Home magazine, like House & Garden before it, has called it a day. Right when, we're told, everyone's beginning to stay home. You'd think this would be the perfect time for a magazine that helps you enjoy your home more.
Maybe it is, if you approach it the right way: "some publishers say a drop in spending on homes doesn't necessarily reflect declining interest in home improvement, even if it has had a negative impact on advertising in some magazines. 'There are many ways you can improve a house, whether it's $15 for a can of paint or $15,000 for a new bathtub,' said Stephen Drucker, editor in chief of Hearst Corp.'s House Beautiful, which had a 19% increase in ad pages in its second quarter." That's very Home Depot-ish of him, isn't it?

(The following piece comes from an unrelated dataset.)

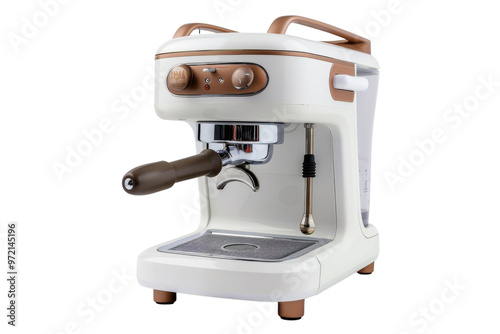 Modern espresso machine with sleek design and brown accents, perfect for brewing fresh coffee at home or in cafes.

But you know I love Stephen Drucker. After all, here's a guy who was named EIC of a shelter magazine at a time when everyone stopped reading magazines and buying homes. And still, he's game. This is from his letter in the August issue: "To everyone who hesitates that decorating is a luxury at this unsettled moment, I'd like to say that I think home is more important than ever, not a last priority in your budget, but a first. Now is the time to set a beautiful table and invite friends for dinner, rather than go to a restaurant...." Before he's done, he touches on every conceivable advertiser category from home accents and electronics to contractors. And I think it's a brilliant defense of his magazine's purpose. It could be a mission statement.
Then there's this news about Michaels: "Some product categories such as kids crafts, jewelry making, and baking supplies, have done well, but were offset by declines in bigger ticket items such as floral arrangements, home decor and custom framing." Seems to indicate that people don't want stuff so much as stuff to do when they're at home.